MOTION TO SET ASIDE/VACATE DEFAULT AND DEFAULT JUDGMENT
(CCP §§ 473(b), 473.5, 583.210)
TENTATIVE RULING:
The
Motion to Set Aside/Vacate Default and Default Judgment filed by Defendant Tricia Bhotiwihok (erroneously sued as
Tricia Fix) is GRANTED. Default entered on July 24, 2019, and default
judgment entered on January 10, 2020, are hereby VACATED.
Plaintiffs’ Complaint is DISMISSED for failure to comply with
CCP §583.210.
SERVICE:
[
] Proof of Service Timely Filed (CRC, rule
3.1300) OK
[ ]
Correct Address (CCP §§ 1013, 1013a) OK
[
] 16/21 Court Days Lapsed (CCP §§ 12c,
1005(b)) OK
OPPOSITION: Filed on December 12,
2022. [X]
Late [ ] None
REPLY: None filed as
of December 15, 2022. [ ] Late [X] None
ANALYSIS:
I.
Background
On August 28, 2018, Plaintiff
Albert Kamkar (“Kamkar”) and James Shin (“Shin”) filed a filed an action
against Defendant Tricia.
On November 6, 2018, the case was reclassified
as a limited civil jurisdiction case.
(11-6-18 Minute Order; 11-30-18 Notice of Reclassification.)
On February 13, 2019, Plaintiffs
filed Proof of Personal Service, indicating that Defendant was personally
served with the pleadings on January 29, 2018.
(2-13-19 Proof of Service.)
On March 29, 2019, and May 1, 2019,
the Court rejected Plaintiffs’ Requests for Entry of Default because the
Complaint did not indicate Defendant’s last name and Proof of Service indicated
that the Complaint had been served before it was filed with the Court. (3-29-19 Notice of Rejection; 5-1-19 Notice
of Rejection.)
On May 6, 2019, Plaintiffs filed
the First Amended Complaint (“FAC”) against Defendant Tricia Fix (“Fix”) for
four counts of breach of contract.

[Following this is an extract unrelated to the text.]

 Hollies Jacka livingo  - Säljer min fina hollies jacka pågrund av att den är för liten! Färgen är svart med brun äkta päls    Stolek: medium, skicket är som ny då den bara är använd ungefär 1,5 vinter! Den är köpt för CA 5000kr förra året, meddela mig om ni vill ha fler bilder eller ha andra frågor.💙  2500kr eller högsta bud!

On
May 7, 2019, Plaintiffs filed Proof of Service indicating that the First
Amended Complaint was personally served on May 6, 2019, (5-7-19 Proof of Service.)
On May 30, June 11, and June 20,
2019, the Court rejected Plaintiffs’ Requests for Entry of Default, due to
deficiencies in the Proof of Personal Service filed on May 7, 2022. (5-30-19 Notice of Rejection; 6-11-19 Notice
of Rejection; 6-20-19 Notice of Rejection.)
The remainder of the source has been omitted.